### EXERCISE OBJECTIVE:
Output the data unchanged and complete, minus the images.

### SOURCE MATERIAL:
________________________________________

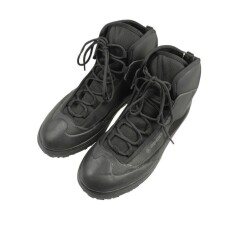 SALE: Apeks Rock Boots, Drysuit Boots ThermiQ 47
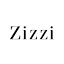 zizzi.dk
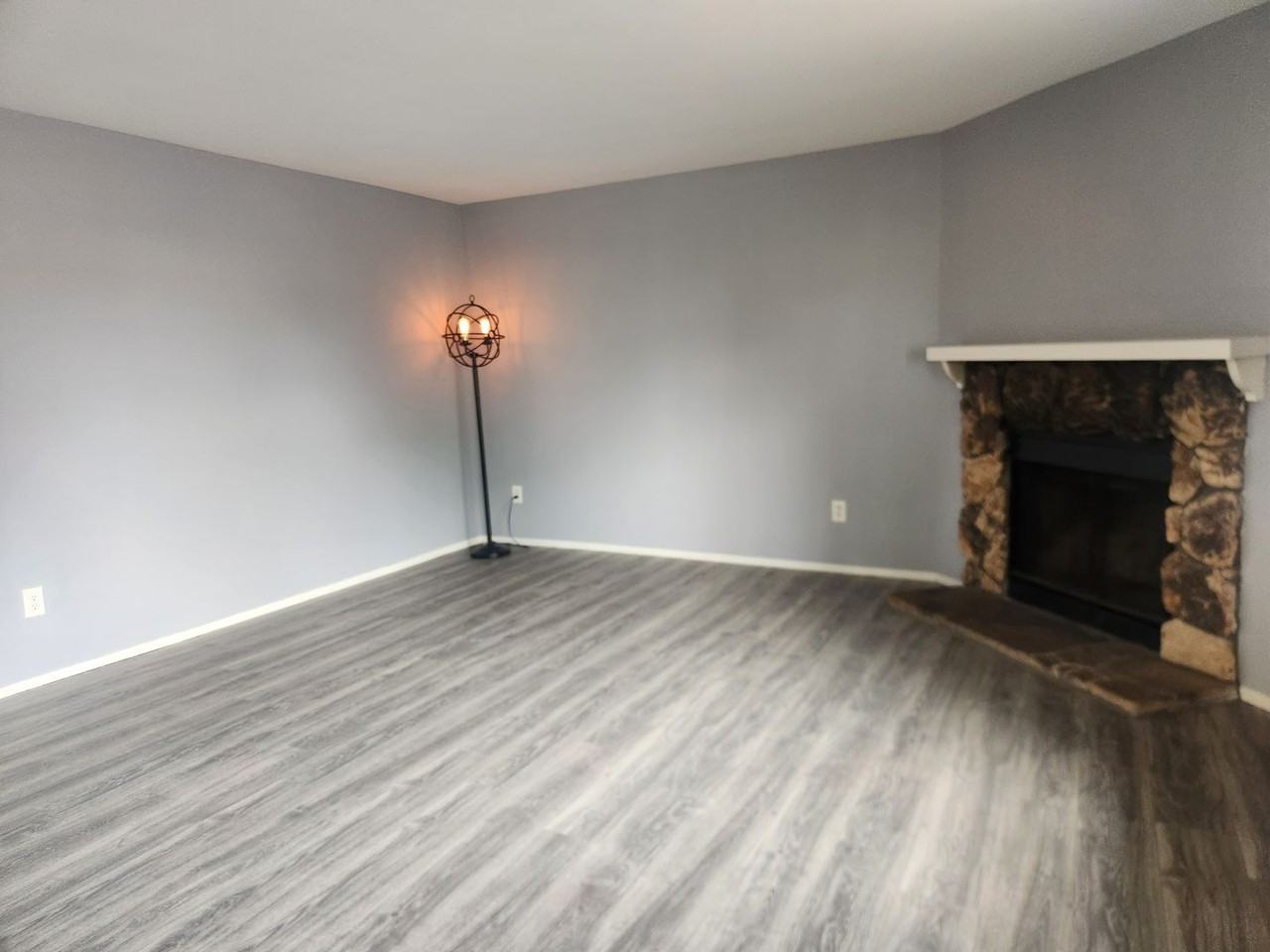 701 Blair Pl - Photo 2 of 25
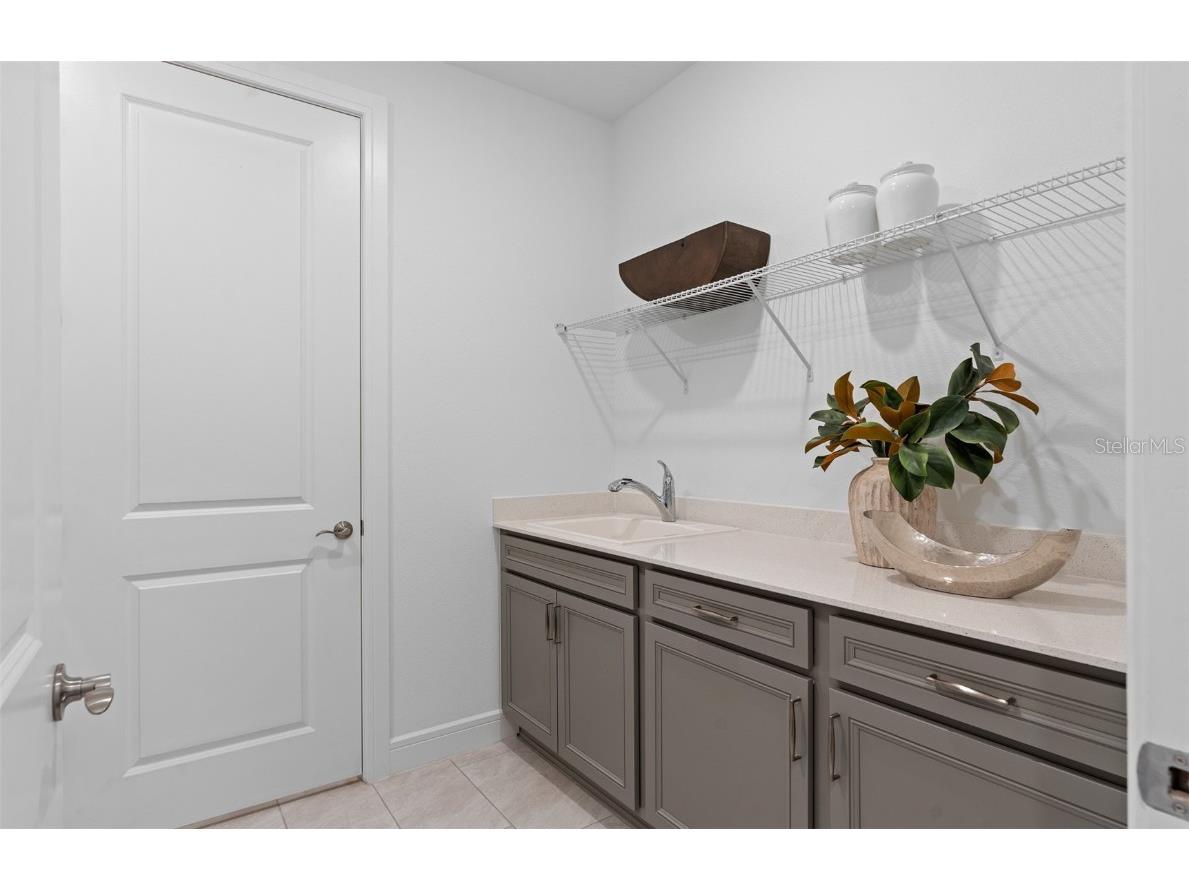 6209 Citrus Grove Court Saint Cloud FL 34771 O6348971 image45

________________________________________

### EXERCISE OUTPUT:
 SALE: Apeks Rock Boots, Drysuit Boots ThermiQ 47
 zizzi.dk
 701 Blair Pl - Photo 2 of 25
 6209 Citrus Grove Court Saint Cloud FL 34771 O6348971 image45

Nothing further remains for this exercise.